Write the data below out exactly as it stands. Do not include the pictures.

*Data shown:*
....

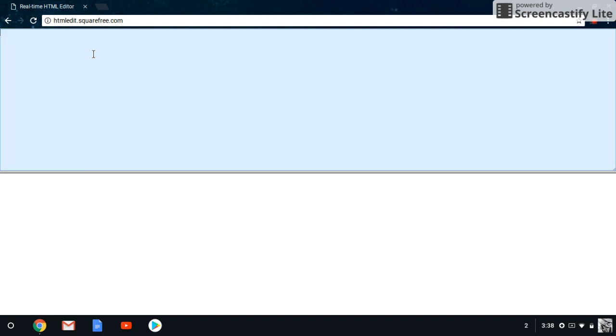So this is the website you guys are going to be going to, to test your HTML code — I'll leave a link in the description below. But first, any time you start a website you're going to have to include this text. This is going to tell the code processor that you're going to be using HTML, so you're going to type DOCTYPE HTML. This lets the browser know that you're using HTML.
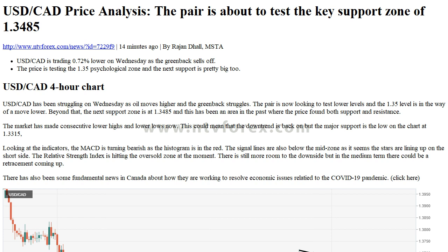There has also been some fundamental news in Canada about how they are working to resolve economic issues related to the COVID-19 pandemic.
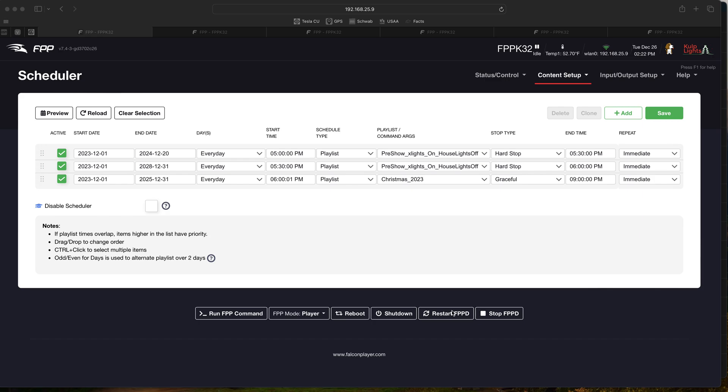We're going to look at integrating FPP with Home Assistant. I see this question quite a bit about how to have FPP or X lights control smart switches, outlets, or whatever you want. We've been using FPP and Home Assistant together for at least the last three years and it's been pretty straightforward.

....

*Exercise output:*
So this is the website you guys are going to be going to, to test your HTML code — I'll leave a link in the description below. But first, any time you start a website you're going to have to include this text. This is going to tell the code processor that you're going to be using HTML, so you're going to type DOCTYPE HTML. This lets the browser know that you're using HTML.
There has also been some fundamental news in Canada about how they are working to resolve economic issues related to the COVID-19 pandemic.
We're going to look at integrating FPP with Home Assistant. I see this question quite a bit about how to have FPP or X lights control smart switches, outlets, or whatever you want. We've been using FPP and Home Assistant together for at least the last three years and it's been pretty straightforward.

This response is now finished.